And my proveable fact is that the engine didn't start until we removed the rust. The valves were NOT (in my case) the main contributing factor in getting the engine to start. And yes, you are correct that the the battery does not directly send electricity to the armiture, but it does send electricity to the solenoid and starter, which both have to work in getting the armiture the electricity it needs to get the flywheel moving.

My problem solving went like this:

Changed the spark plug (it had some residue on it and was old).
Changed the oil.
Adjusted the valves.
Changed the solenoid.
Cleaned the ground wire in the back by the battery.
Up to that point, nothing worked.
We removed and sanded the armiture and flywheel.
At that point, the engine cranked perfect every time.
We heard a tapping in the engine.
We readjusted the valves.
Engine runs smoother.

End conclusion? It was the magnetic connection (or lack thereof) that was causing more issue than the valves. My bet is (since I could get it to run after I charged the battery) that the valves should have never been touched, because when it ran prior to our first valve adjustment attempt, it did not have that tapping sound. I probably did more harm than good.
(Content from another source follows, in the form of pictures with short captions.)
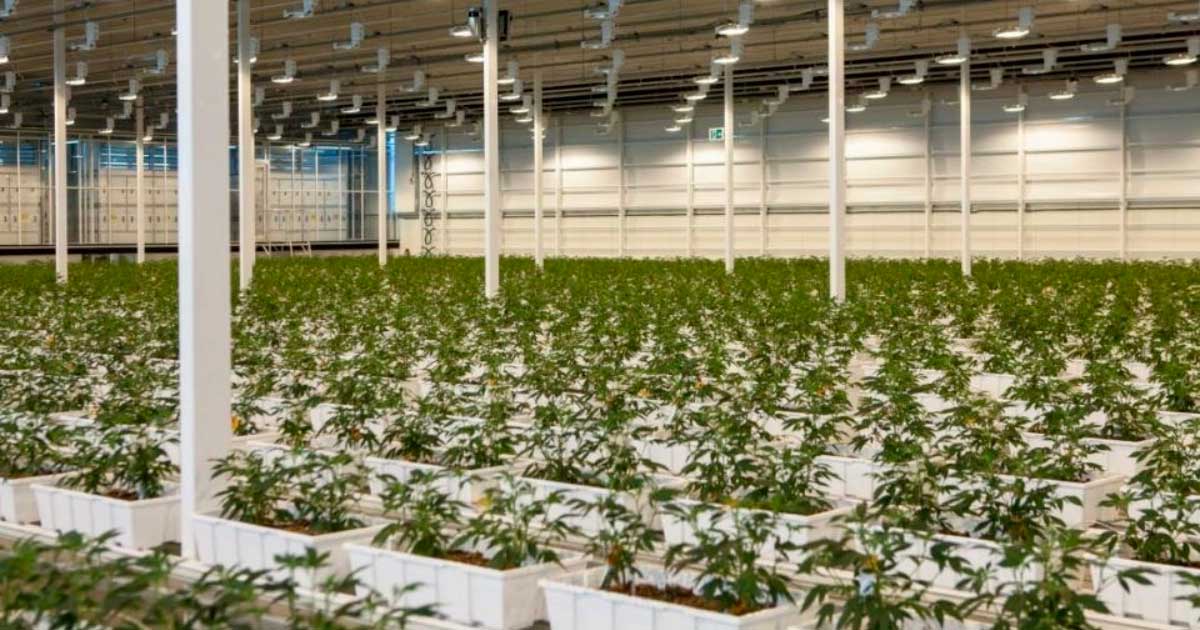 Aurora Cannabis médical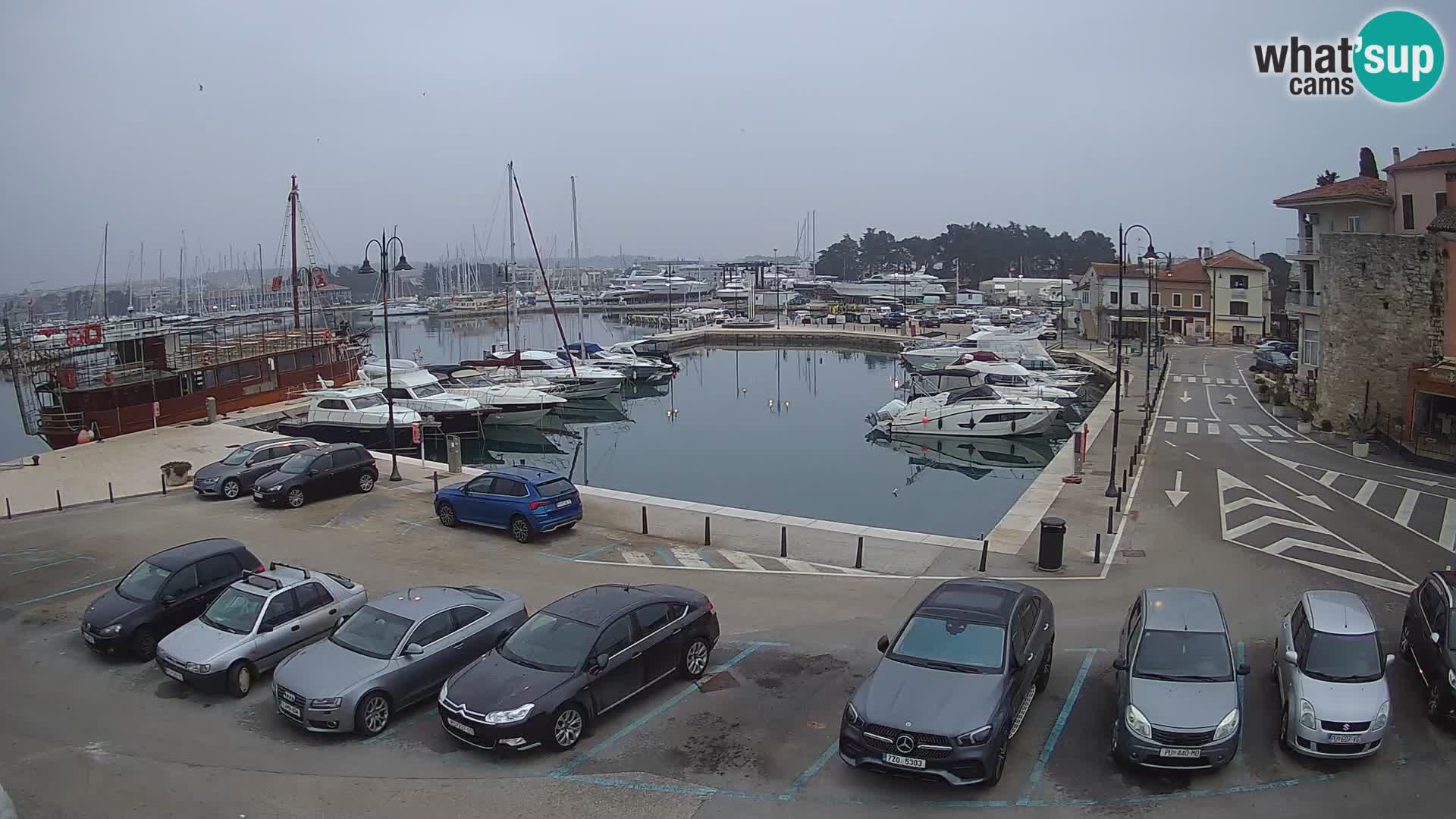 Novigrad | Porporela marina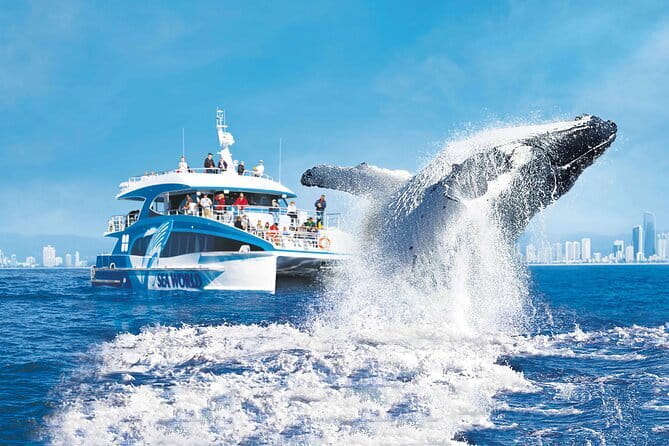 Swim with Whales in Gold Coast - Weather, waves, and the patience factor
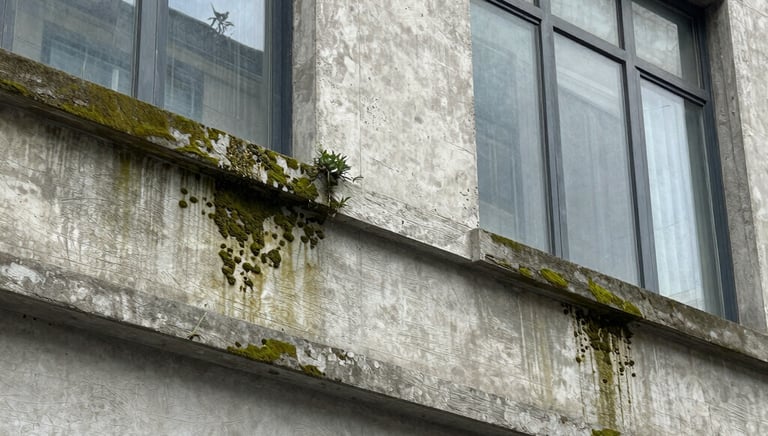 Close-up of a building consultant inspecting a property's exterior walls.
Why does everything have to always be about adjusting the valves? I am trying to tell you all what worked for me. This could be an easy solution to a lot of people's problems. It is worth a shot to try this first, BEFORE you go screwing with the valves. I just don't get why you are telling me what was more effective, when I was the one here working on the tractor. I know what we did and I know what worked. Your logic is not flawed, but for some reason it just doesn't apply to my case.

Just make sure you have TWO sets of feeler guages to correctly gap the armiture.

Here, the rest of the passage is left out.